"Restare vive", la forza dell'amicizia nel dramma della malattia. Nel romanzo di Victoria Redel il dibattito sul fine vita



“(…) Il silenzio di Molly sulla scelta di Anna non era un insulto agli uomini morti per mancanza di farmaci. Questa era una scelta oltre la medicina. L’unità di misura di quello che per Anna era accettabile come vita. (…)”.
Restare vive (Einaudi, traduzione di Paola Brusasco) di Victoria Redel è un libro che celebra l’amicizia e che con garbo e senza riserve si insinua nel dramma della malattia. Il dibattito sul fine vita, il dilemma tra i protocolli della medicina o le cure palliative sono al centro della trama: cinque amiche (Anna, Helen, Caroline, Molly e Ming), una grande casa piena di ricordi e una speciale festa d'addio.
Il legame delle cinque donne, non più giovani, è iniziato quando frequentavano la prima media. Le “Vecchie Amiche” – così amavano chiamarsi – insieme hanno attraversato una vita: i matrimoni, i figli, il lavoro, le crisi… Quando Anna si ritrova faccia a faccia con lo spettro della malattia, dopo anni trascorsi, da guerriera, a combatterla, non se la sente più di fronteggiare un nemico così insidioso e crudele. Accanto ha l’ex marito e le amiche più care, non tutte d’accordo con la sua decisione ma tutte alla ricerca del modo migliore per starle accanto negli ultimi momenti. In questa cornice struggente, riaffiorano i ricordi, le avventure vissute insieme, la nostalgia del passato e l’incertezza del futuro. Perché se Anna va incontro al suo destino con molta consapevolezza, le altre donne pur continuando a vivere dovranno colmare un vuoto enorme. Come Helen, che sta per sposare Asa, è pronta a ricominciare ma si sente terribilmente in colpa nei confronti di Anna.

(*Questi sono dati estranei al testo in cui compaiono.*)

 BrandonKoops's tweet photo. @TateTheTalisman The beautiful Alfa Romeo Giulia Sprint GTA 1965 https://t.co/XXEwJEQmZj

“Abbassò lo sguardo su una spruzzata di macchie dell’età, chiazze marroncine che le erano comparse sulle mani. Alla secchezza squamosa e al colore raggrumato sotto le unghie era abituata, ma quando le erano venute quelle mani da vecchia? Era tutto fuori fase. Anna stava morendo e lei si era innamorata. E ora si sposava. Dentro la casa la sua migliore amica stava morendo, mentre lei era una donna di mezza età pronta a intraprendere una nuova vita. Vecchia o no, il solo pensiero di Asa le dava un senso di vertigine, felicità, un fremito incontrollabile. Vivo e bramoso, così era il suo corpo. Cristo santo, il corpo innamorato era ridicolo e pieno di speranza. Anna sarebbe morta e Helen avrebbe detto: «Sí, lo voglio».”
Quella di Restare vive non è una trama scontata e strappalacrime ma un racconto delicato che, parlando di morte esalta la vita, la speranza, il valore dell’amicizia.
Victoria Redel vive e lavora a New York, dove insegna al Sarah Lawrence College. È autrice di tre raccolte di poesie e di quattro romanzi acclamati dalla critica. Tra gli altri, scrive per il «New York Times», per il «Los Angeles Times», per «Elle» e per «Granta».